If you tried to negotiate commission with a realtor, I bet you have heard this statement: “if I’m not defending my commission right now, how hard would you think I’ll be negotiating on your behalf? That’s why you should pay me a high, high commission!” Seems like a valid argument, eh? Not at all. First, there is no direct relationship between the two situations. ANY realtor should negotiate hard on your behalf, no matter the commission amount. Second, if you already feel pushed by this realtor, your seller or buyer will feel the same way, and they could react by walking away or playing super-defensive, turning a deal unnecessarily antagonistic. Don’t give in to their pressure tactics.
Responsiveness might be hard to tell from the beginning. But there are a couple of ways.
If you are selling your home, ask your agent how he/she will handle the showings. If they could set up a mechanism to ensure someone could always make it to the appointments, like the buyer’s realtors or their administrative staff, that’s good. If they require buyers to email, call or text them, except when the situation calls for such methods (like tenant occupied property), there’s a high probability that some showings will be missed. I can’t begin to tell you from my personal experience how many times agents fail to arrange the showings properly and missed good buyers.
I’m not advocating that agents should be held to an unreasonably high standard of immediately getting back to every single message, but that a system should be put in place to facilitate the sale.
Of course, even a super busy realtor should address any questions or requests within 24 hours, that’s just professional standard. If they can’t do that, it might cause delay or other damage down the road.
What about the Good ones?
Of course, the opposite of the above, and some more.
Honest and Humble
No matter how glorious a resume they have, there’s no reason for being smug and condescending, towards anybody in the transaction. They know they are serving YOU in this transaction. Usually, the best ones are the really humble ones.
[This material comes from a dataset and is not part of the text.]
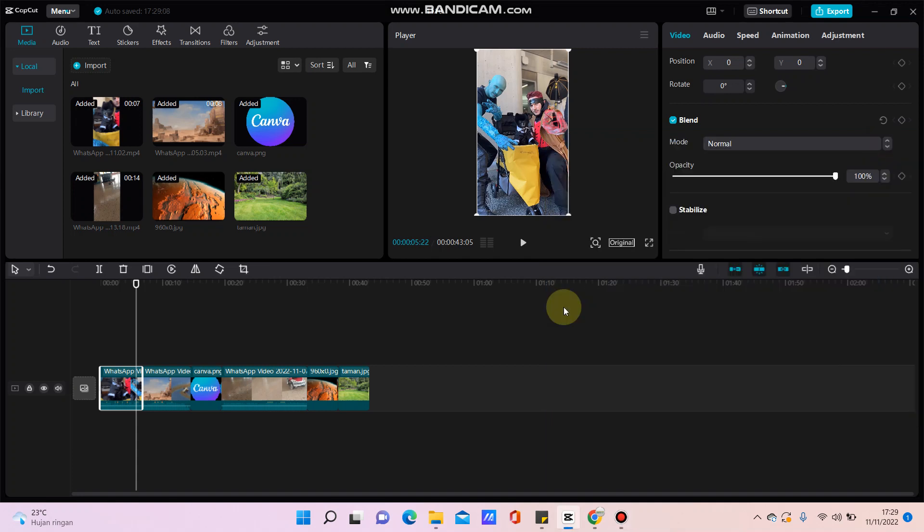Hello everyone, in this video I'm going to show you how to export video in CapCut for PC. After you finish editing a video, you can click the export button in the top right corner.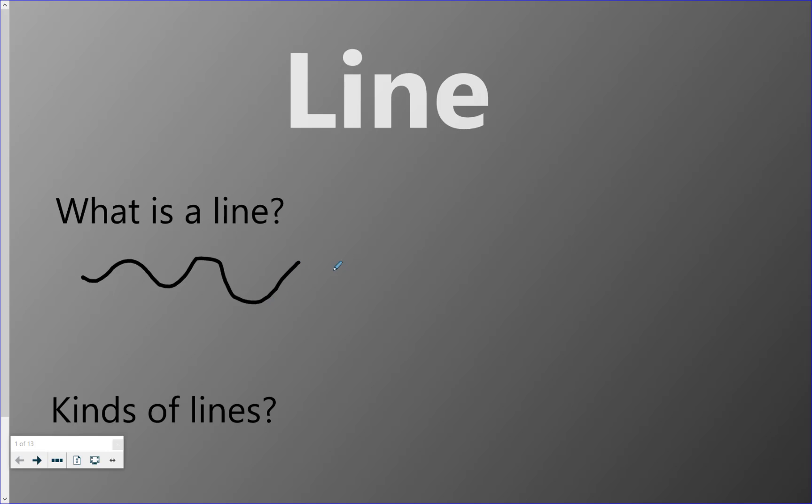So there's lots of different types of lines. One type of line that you would know is a line that goes up and down - we call that vertical. Another type of line that goes side to side and straight is called horizontal.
Not only in the real estate field, but in general project management. A good realtor should give you support in a lot of areas, like mortgage, home repair, staging, etc. They should also be steps ahead in coordinating the transaction, and prepare you for what’s to come.
Down-to-earth, realistic people could guide you towards a good solution that benefits all parties. If a price won’t work, they’ll inform you, or form a feasible strategy, instead of resorting to aggressive sales tactic to push the other party. If latent problems are found, they’ll try to resolve it in an ethical way, rather than leading you into a legal quagmire. These are the kind of people that if you ask them “how confident are you about this deal”, they’ll give a conservative answer like “70~80%”, because it’s true, not because it’s what you wanted to hear.
This point is needless to elaborate. But I’ll go one step further, they respect your boundaries. If you prefer text, they’ll text. If you prefer phone calls, phone calls it is.